# R.I.P Jake, Bridgett Annies son



## 4Goldens' (Apr 3, 2012)

It has a been long month mourning over the loss of my sweet Bridgett, days are getting easier...but I miss her so much. everytime I look at her picture or watch the creek flow where she loved to play just brings back the tears flowing. I woke up this morning to an email that one of her offspring just collasped and died last night of what the vet believed to be Hemangiasarcoma. This just makes my heart ache even more, he was only 7. One of the smartest dogs have I have ever seen and he was so loved by his owners. Could you please add him to the Rainbow Bridge list with his mother Bridgett. R.I.P sweet Jake, your mom is waiting for you and you will be together again. 2-13-2013


----------



## Brinkleythegolden (Jun 18, 2012)

Hemangio is awful! Too many of our precious furbabies have been lost to this awful thing! At least Jake is with his mom...run free Jake!


----------



## Karen519 (Aug 21, 2006)

*4Goldens'*

I am SO SORRY about Jake. He's with Bridgett now.
I added him to the 2013 Rainbow Bridge List!

http://www.goldenretrieverforum.com...st/124789-grf-goldens-passed-2013-list-5.html


----------



## KathyL (Jul 6, 2011)

Carol, I am so sorry. I know how much you loved Bridgett and now to lose one of her pups and 7 is so young. Yesterday was five weeks that Harley has been gone and a day does not go by that something doesn't trigger me to tears.


----------



## 4Goldens' (Apr 3, 2012)

Thank you so much, you all are so compassionate. This sight has helped me so much.


----------



## PrincessDi (Jun 8, 2009)

So sorry for the loss of Jake at such a young age. Keeping Jake's parents in our thoughts at this heartbreaking time!


----------



## Qontry (Feb 4, 2013)

I now understand just part of the grieving process you are going through for Bridgett ... and now her offspring, Jake. We, too, are grieving the recent loss of our best friend, Kodiak. Please pass on my sincere condolences to Jake's owners.
*******************************************************
​


----------



## 4Goldens' (Apr 3, 2012)

Qontry said:


> I now understand just part of the grieving process you are going through for Bridgett ... and now her offspring, Jake. We, too, are grieving the recent loss of our best friend, Kodiak.

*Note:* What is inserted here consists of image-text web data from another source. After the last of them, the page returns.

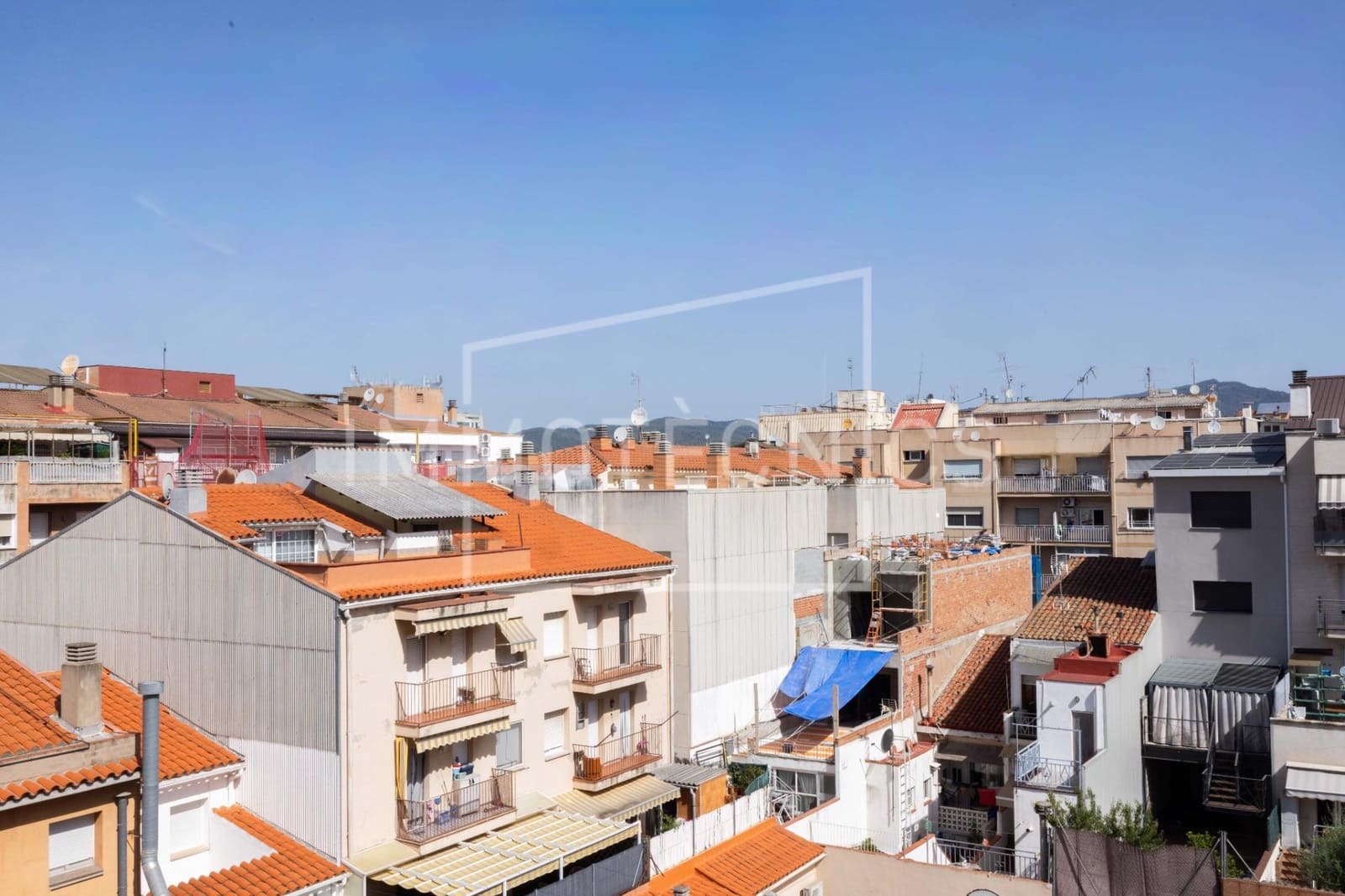 3 bedroom Apartment for sale in Terrassa with garage - € 278,000 (Ref: 9920560)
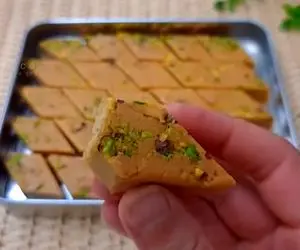 آموزش آشپزی؛ شیرینی سالم و ساده فقط با چند تا ماده بدون فر و همزن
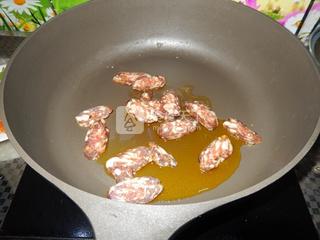 腊肠炒<a href=/shicai/mimian/YuMi/index.html target=_blank><u>玉米</u></a><a href=/shicai/mimian/MianTiao/index.html target=_blank><u>面条</u></a>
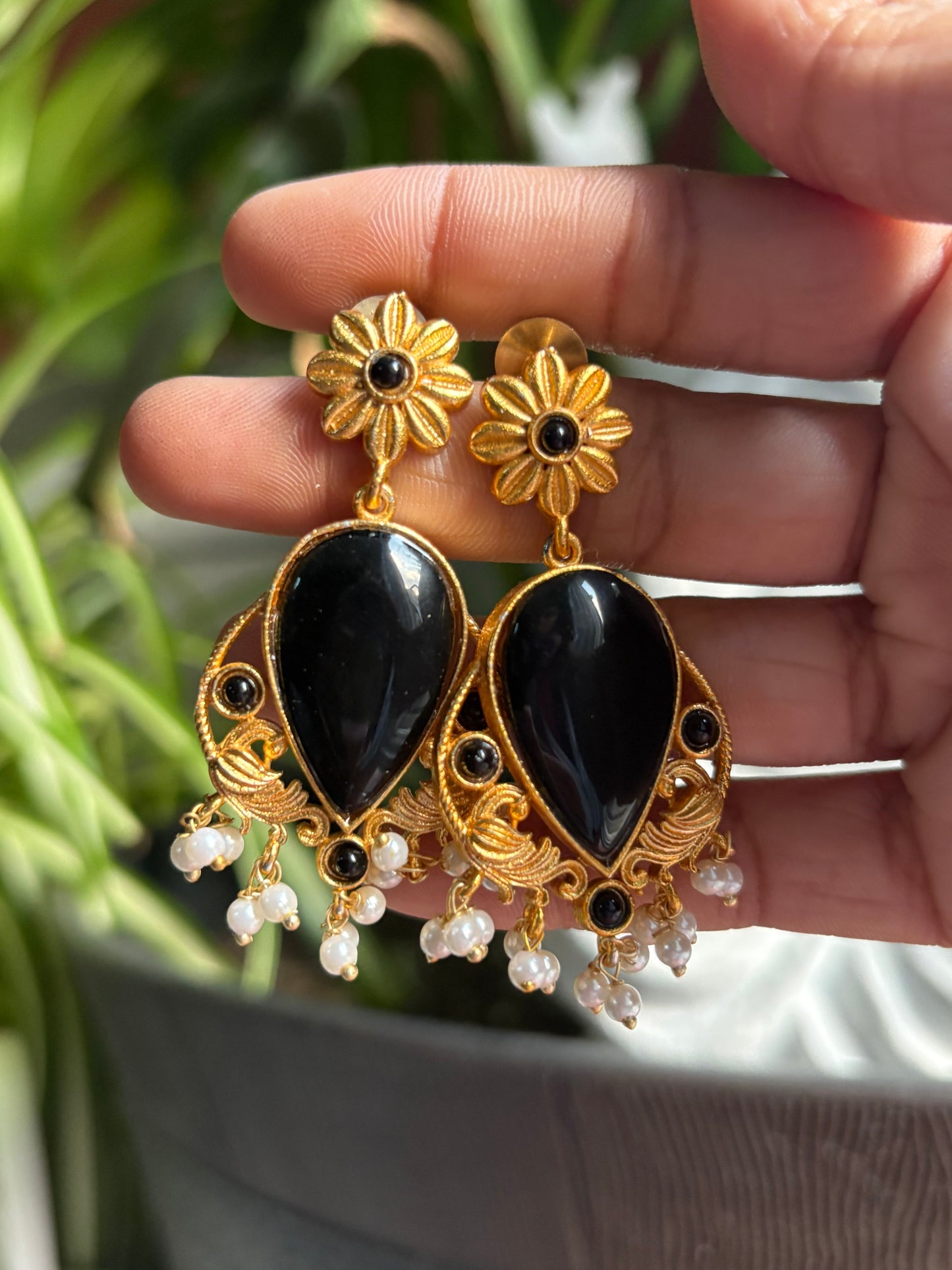 “Ishqa” Jhumka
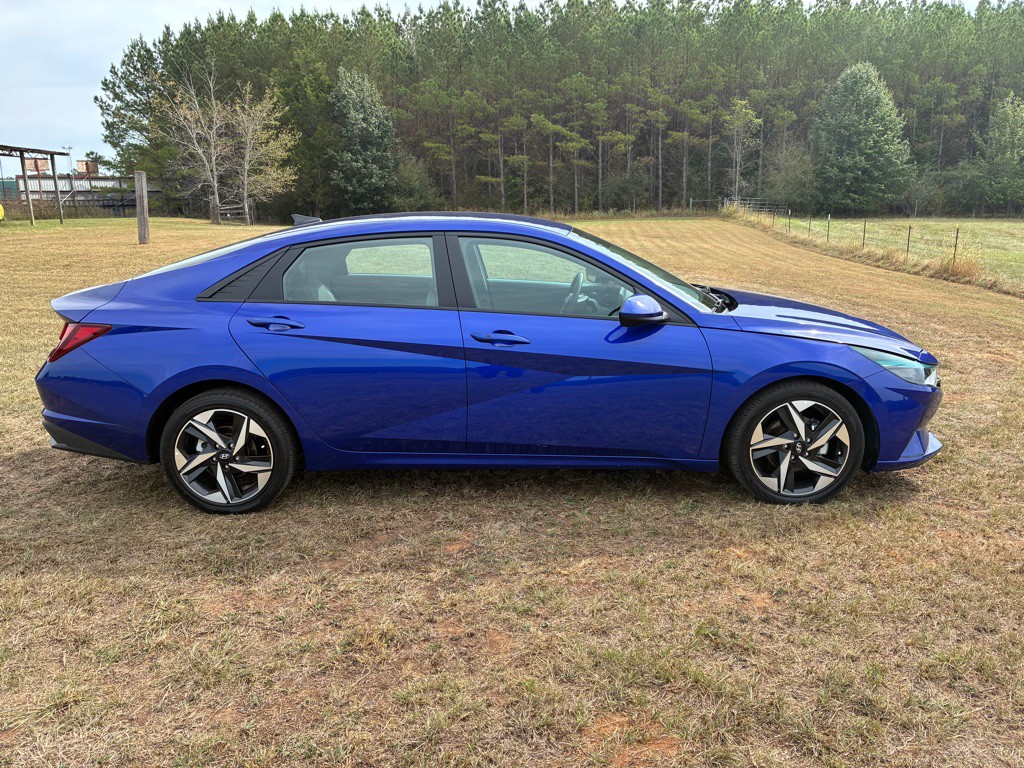 2023 Hyundai Elantra Image 3
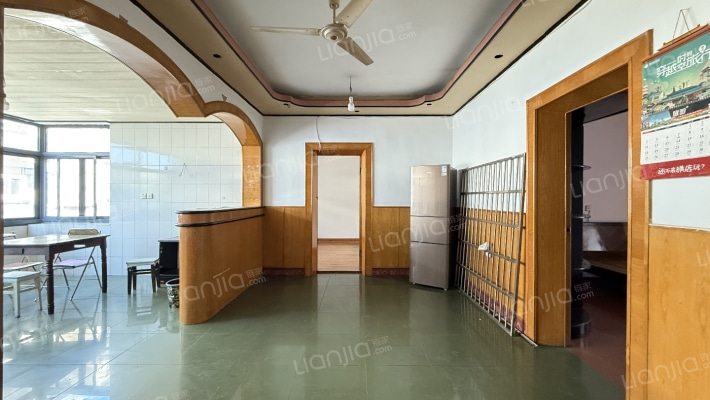 旋耕机厂二手房实景图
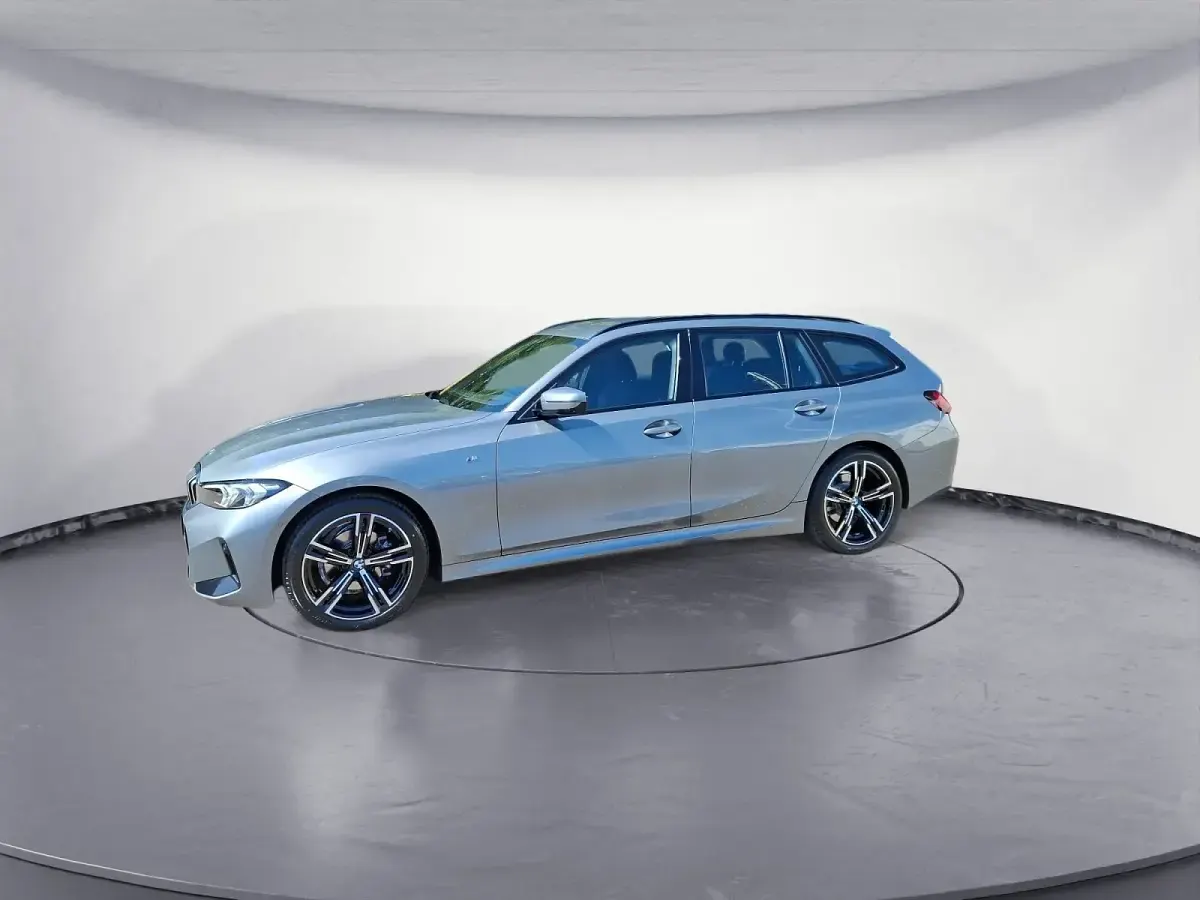 Gebraucht BMW 318 M Sport 156 PS (114 kW) 2025 Grau Kombi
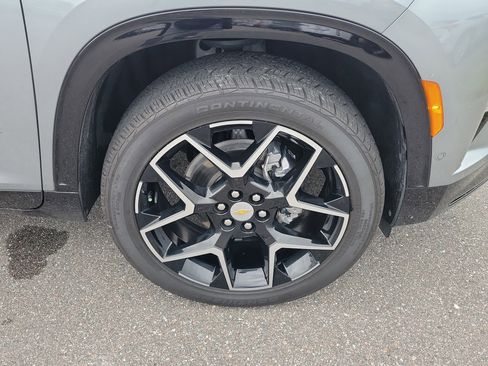 Used 2025 Chevrolet Traverse High Country FWD image 42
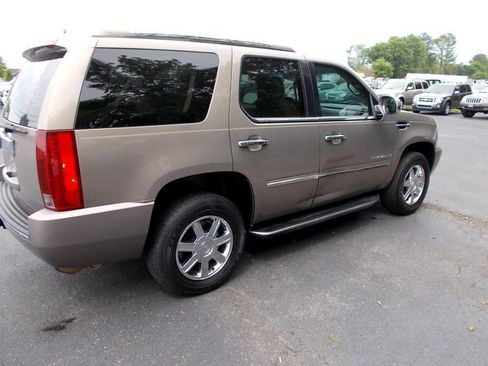 Used 2007 Cadillac Escalade AWD w/ Information Package image 13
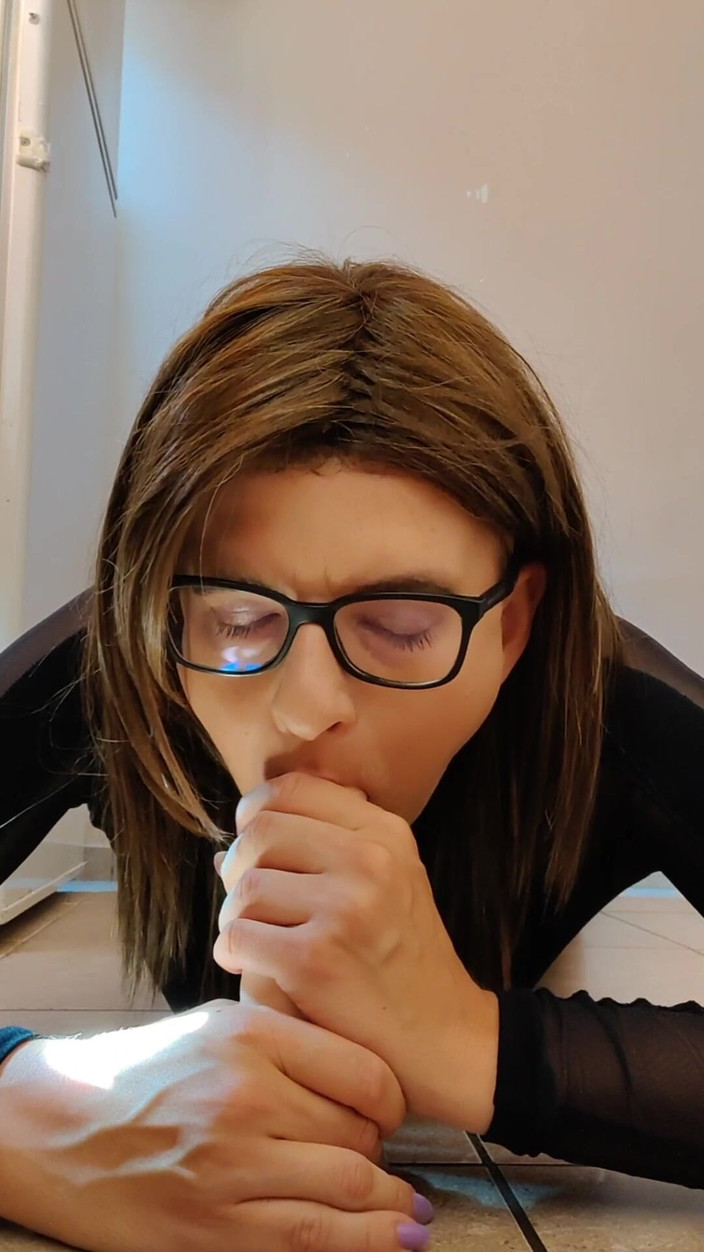 MicziCD: Tinh trùng từ đồ chơi cu giả trên khuôn mặt của...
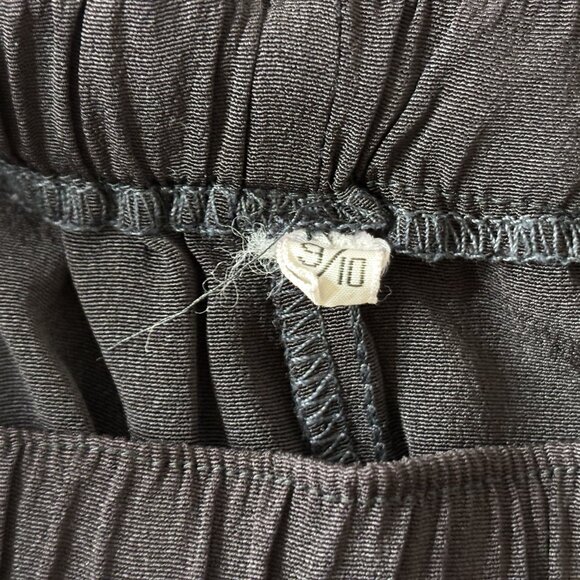 Lightweight Black Slip Skirt- Size 9/10 - Picture 3 of 3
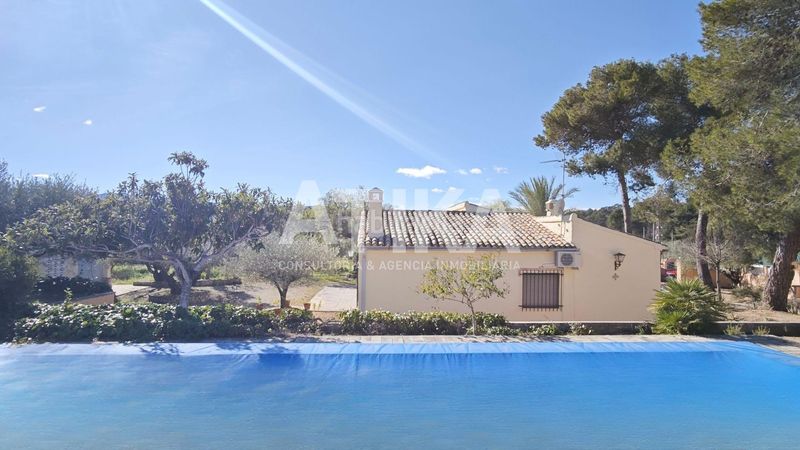 Foto f2f53e38-928c-494a-844f-72af2d7992a2. Xalet amb calefacció piscina a Santa Ana Ontinyent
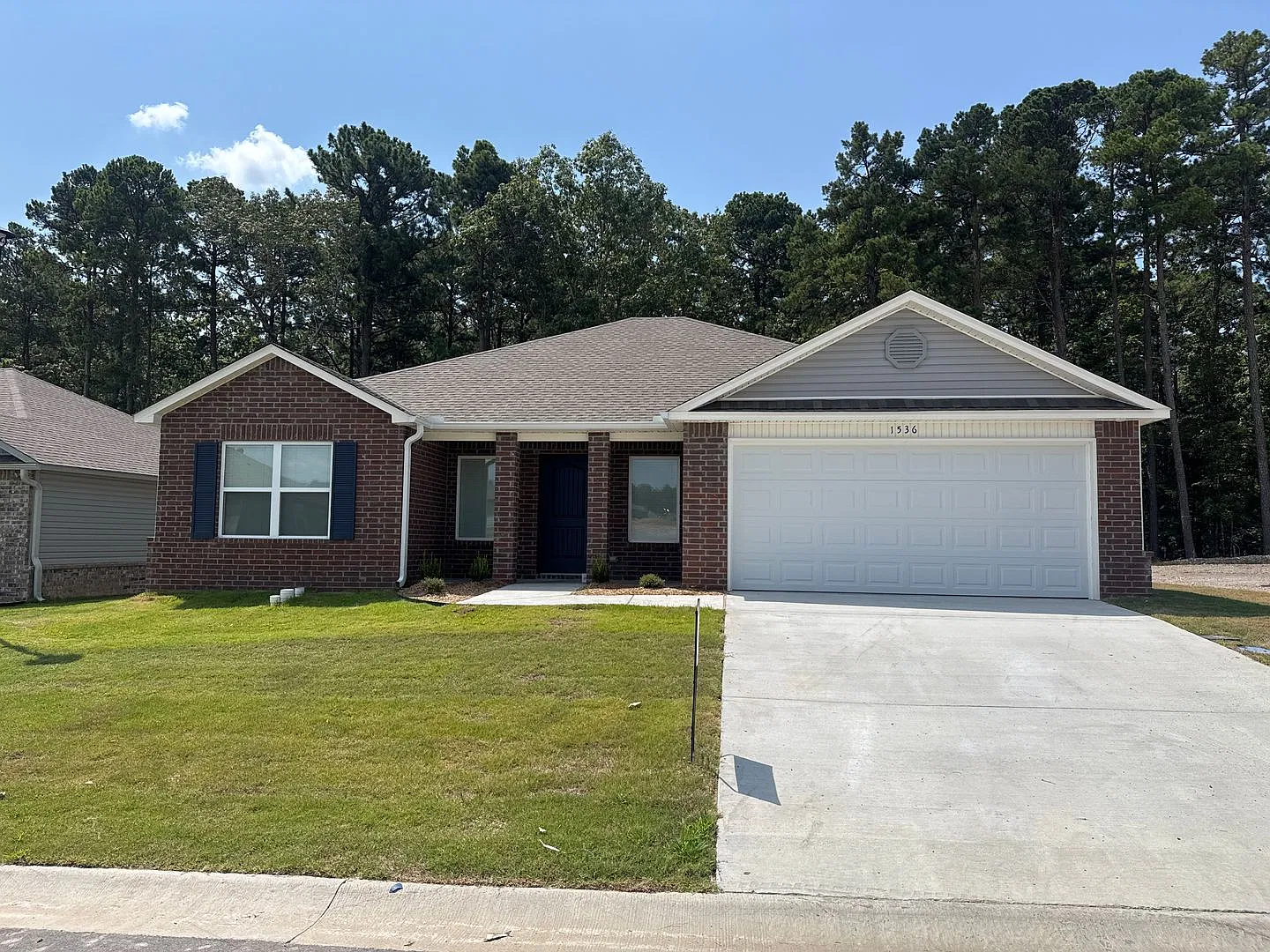 Your Next Chapter Starts Here! 4-Bedroom Home in Benton Pre-Leasing Now — Photo 3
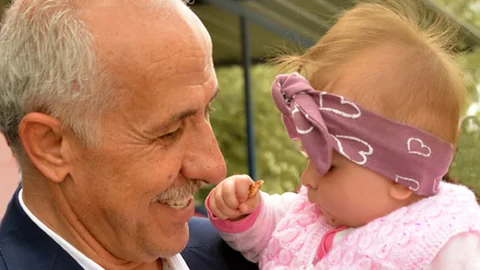 Akdeniz Belediye Başkanı M. Mustafa Gültak’tan Berat Kandili Mesajı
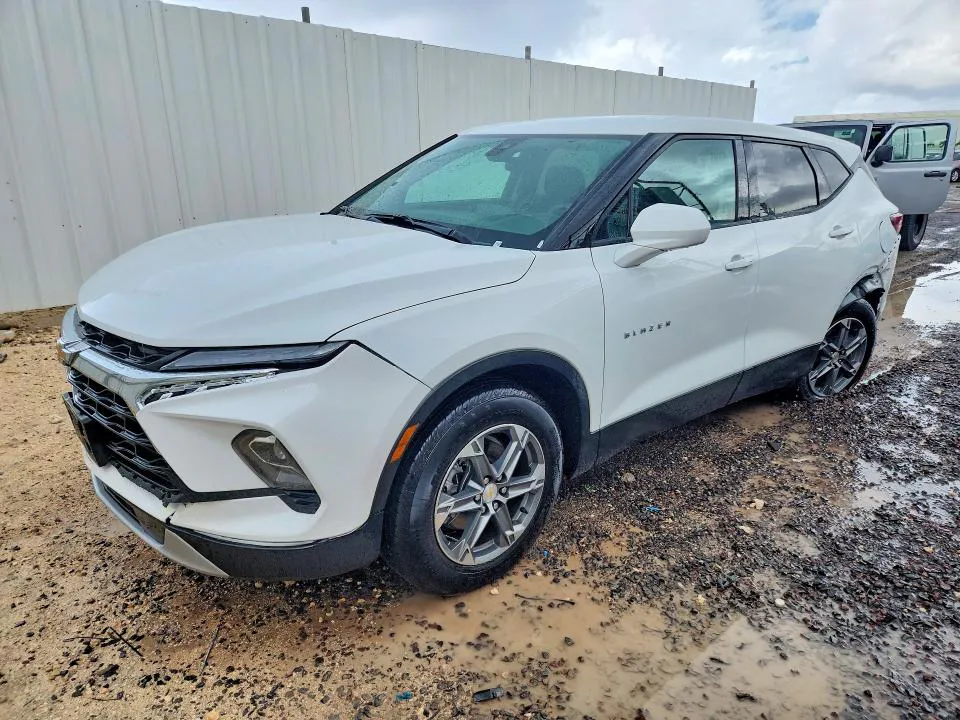 2026 Chevrolet Blazer VIN 3GNKBCR49TS151370 фото 1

Please pass on my sincere condolences to Jake's owners.
> *******************************************************
> 
> ​


 
Thank you so much, and I am so sorry for your loss of Kodiak. I watched the memorial video, it was beautiful. It made me smile and cry. He was so loved. You will be in my thoughts.


----------



## Macretriever (Sep 9, 2009)

It's so hard when you loose them at a young age. I think about the 16 pups Macintosh sired and hope they all make it longer than he did. I have one of his pups who will be 2 this year.


----------



## Oakley&SegersMom (Feb 1, 2009)

I am sorry to hear about Bridgett and Jake. We lost Oakley to hemangio on November 23rd and I still find myself tearing up at my desk at work, when I am driving, or whenever I try to talk about him. I used to read the postings in this section and feel sad for those who lost their babies, but since I lost Oakley I fully appreciate what others here are going through - the feelings are overwhelming and some days render me close to non-functional. RIP dear Bridgett and Jake - it brings some comfort knowing you can be together again.
Carol


----------



## goldensmum (Oct 23, 2007)

Please pass our condolences to Jake's family, I am sure that Jake and Bridgett have been reunited at the bridge


----------



## Buddy's mom forever (Jun 23, 2011)

I am so sorry to read about Jake. He was too young to leave. I know his mom will take good care of him.


----------



## CarlosW9FE (Jul 17, 2012)

I am so sorry to hear about the loss of Jake. I know your Bridgett and and my Rhett along with the many other Golden friends will take care of him now at the Bridge. Run free now and play hard dear Jake.


----------